最近この話題ばかりですが、『フランク三浦』商標の有効性が争われている件で、フランク・ミュラー側が上告したというニュースが流れてきました。
上告が受理されれば、最高裁が両商標の類否を判断することになるでしょう。パロディに関する判例・裁判例が乏しい現状を考えると、是非最高裁の判断を見てみたいですね。
なにより当事者にとっては非常に大きな問題だと思います。もし無効の判断がなされたら、おそらく「フランク三浦」時計は今後販売できません。

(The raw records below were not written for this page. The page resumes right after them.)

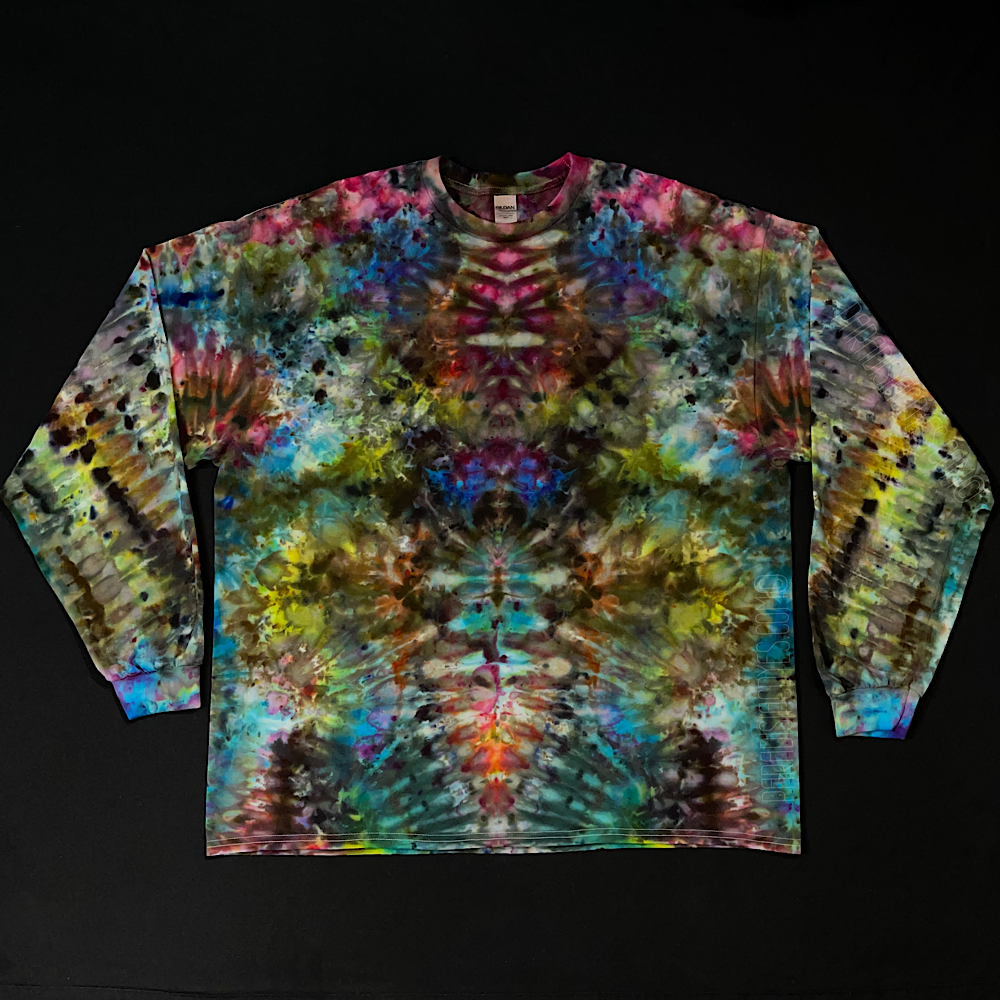 Size 2XL Psychedelic Mindscape Long Sleeve Ice Dye Shirt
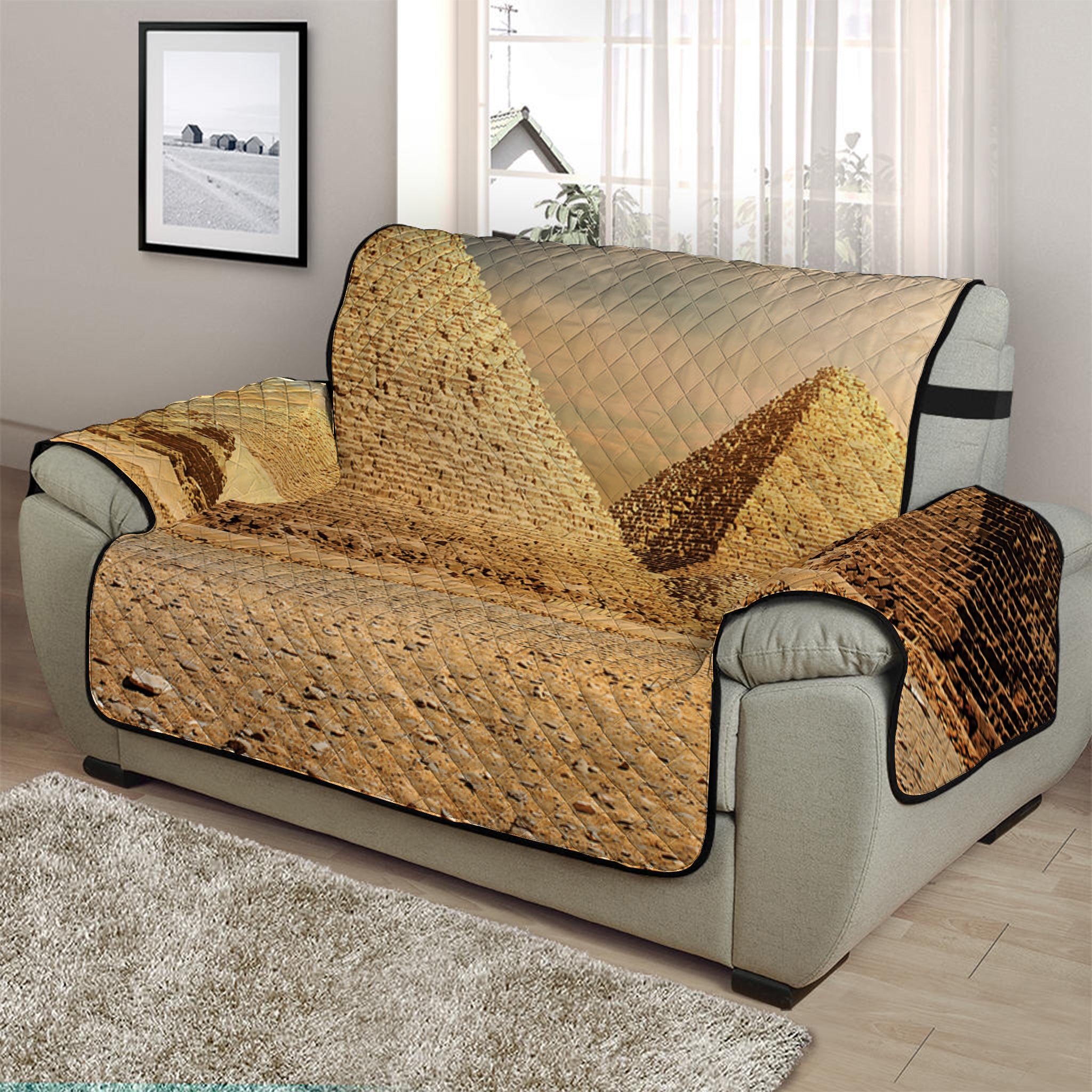 Pyramid Sunset Print Half Sofa Protector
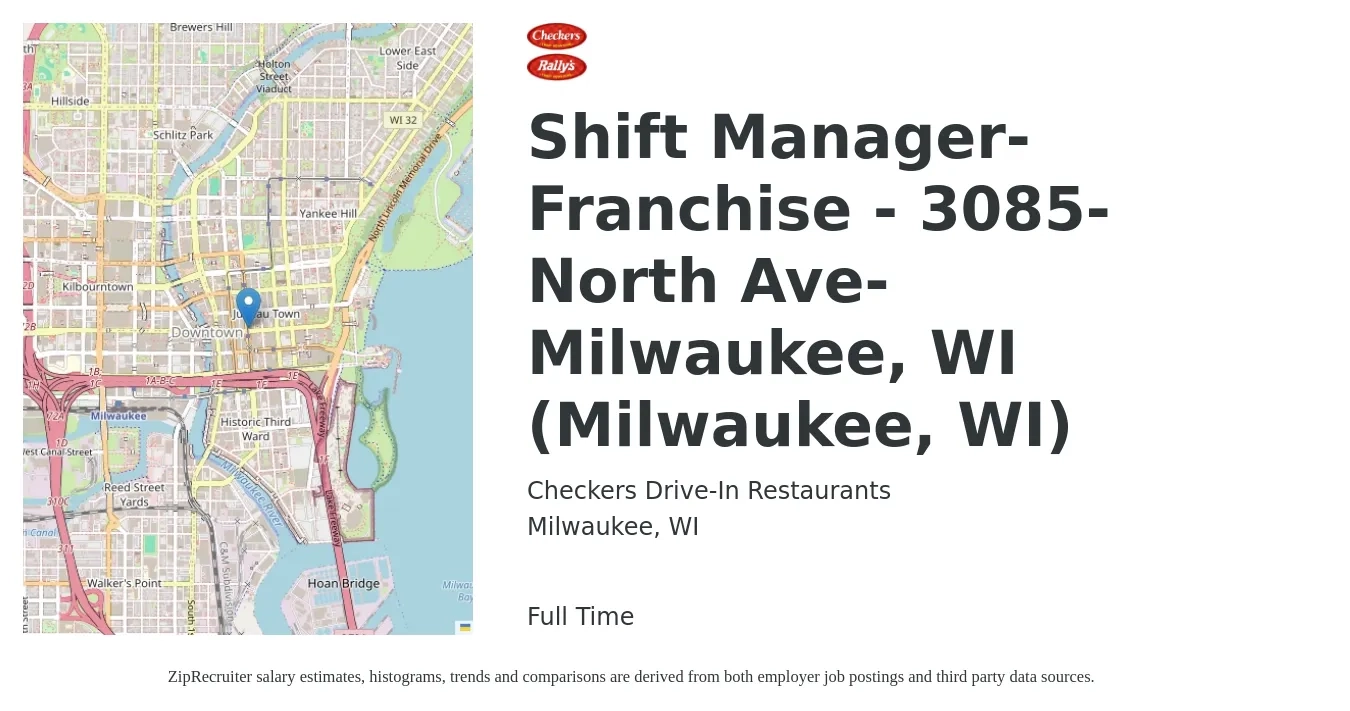 Checkers Drive-In Restaurants job posting for a Shift Manager-Franchise - 3085-North Ave-Milwaukee, WI (Milwaukee, WI) in Milwaukee, WI with a salary of $15 to $19 Hourly with a map of Milwaukee location.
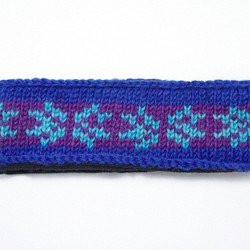/ 手工羊毛編織繽紛髮帶/ 純羊毛編織髮帶- 藍紫色圖騰 ( 手工限量一件 )wool headband 第1張的照片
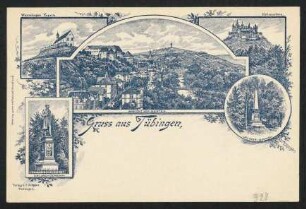 327, Gruss aus Tübingen. Wurmlinger Kapelle. Hohenzollern. Uhland-Denkmal.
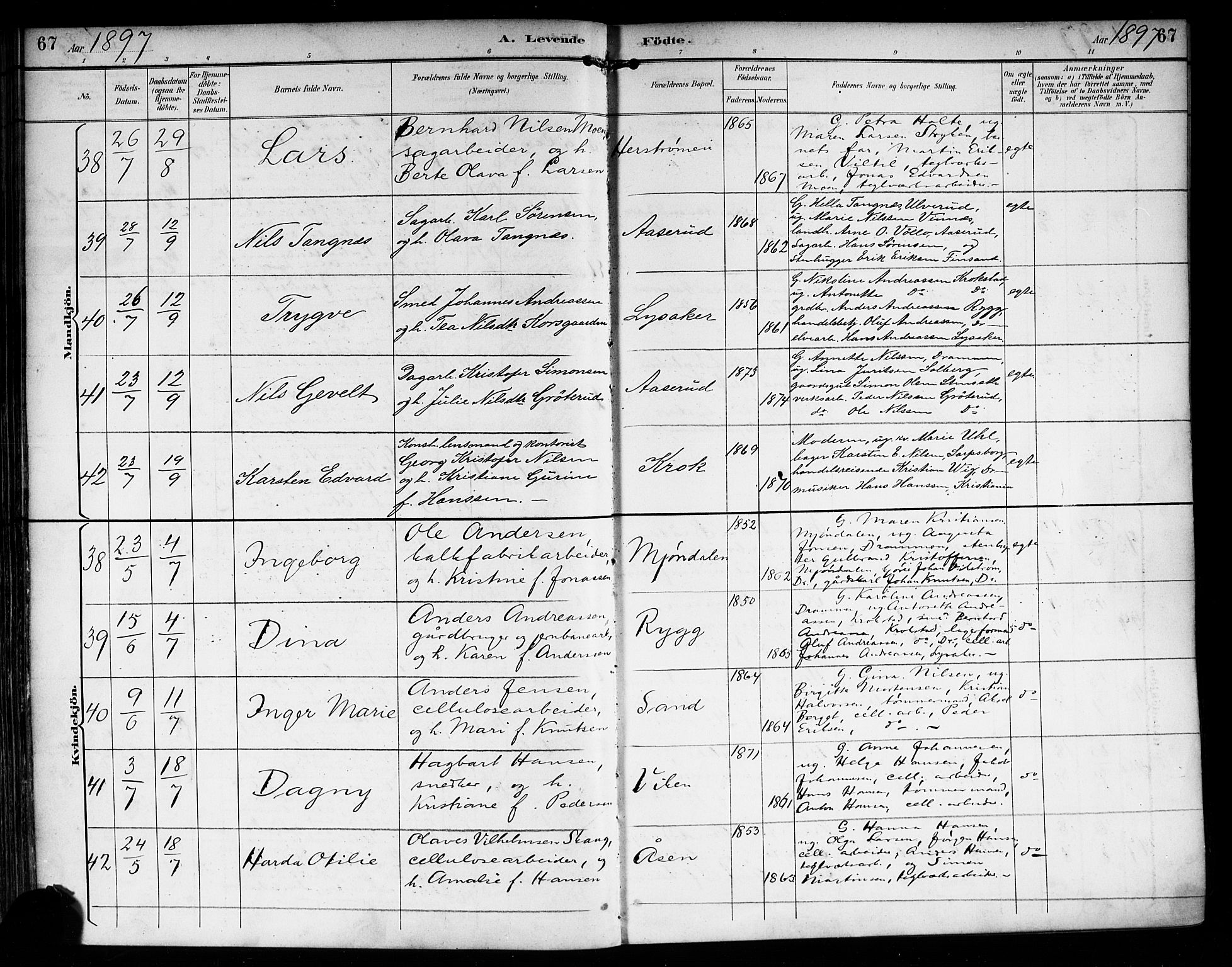 Nedre Eiker kirkebøker, AV/SAKO-A-612/F/Fa/L0004: Parish register (official) no. 4, 1893-1898, p. 67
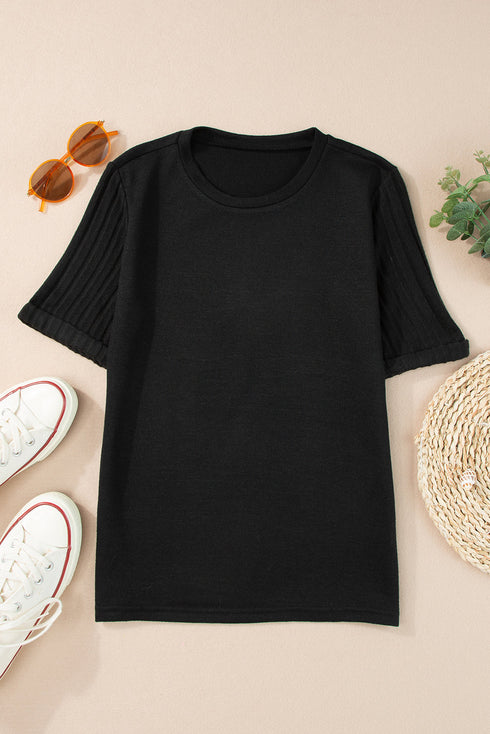 Ribbed Splicing Sleeve Round Neck T-shirt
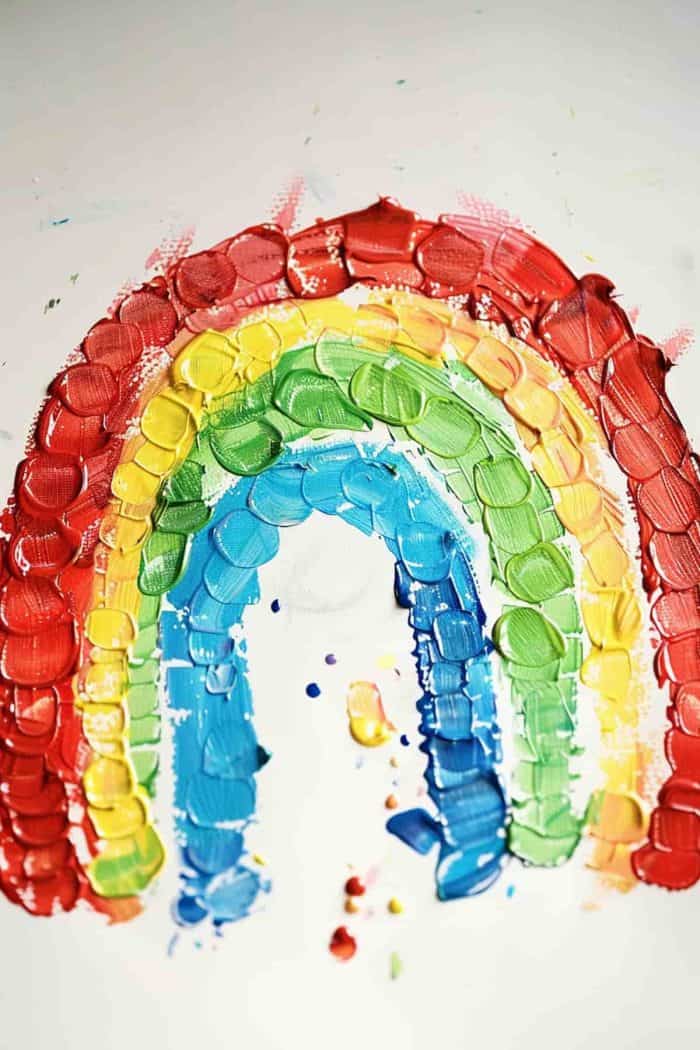 A painting of a rainbow with a child's thumbprints forming the arches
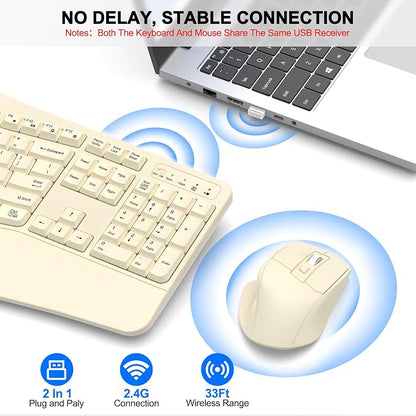 Wireless Keyboard and Mouse Combo, Ergonomic Wave Keys (Latte) | 2.4G Full Size Wave Keyboard with Wrist Rest, 3-Level DPI Adjustable Ergonomic Mouse for Windows and Mac OS Desktop/Laptop/PC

誤解がないように解説を加えますが、いま争われているのは、商標登録の有効性です。最初に無効審判にて登録無効の審決がなされて、次に知財高裁で審決の違法性が争われました。今回の上告は、知財高裁の「登録維持」の判決を不服としてこの取り消しを求めるものです。すなわち、実質的に争われているのはあくまでも『フランク三浦』なる商標の登録を維持するかどうかであり、フランク三浦時計を売っていいかはそもそも争いの対象ではありません。
ただし、仮に今回最高裁が両商標が類似すると判断したならば、その後『フランク・ミュラー』の商標権の侵害について争われた場合に、そこで商標非類似の判断はかなりしづらいと思います。
理論上は登録時の類否判断と侵害時の類否判断が異なることはあり得ますが、侵害訴訟において「取り引きの実情」について相当強力な立証がなされないかぎり、最高裁の判断を覆す類否判断はできないと思われます。すなわち、フランク三浦時計は販売を継続するのはかなり難しくなります。
逆に商標非類似の判断がなされたら、今後フランク・ミュラー側はフランク三浦時計の商標権侵害を問うことは難しくなるでしょう。その場合は、盤面デザイン全体、あるいは時計の形態全体を商品表示として、不正競争防止法に基づく差止請求等をすることになると思われます。
このようにいろいろな側面で注目したい事件です。今後も気をつけて見ていきましょう。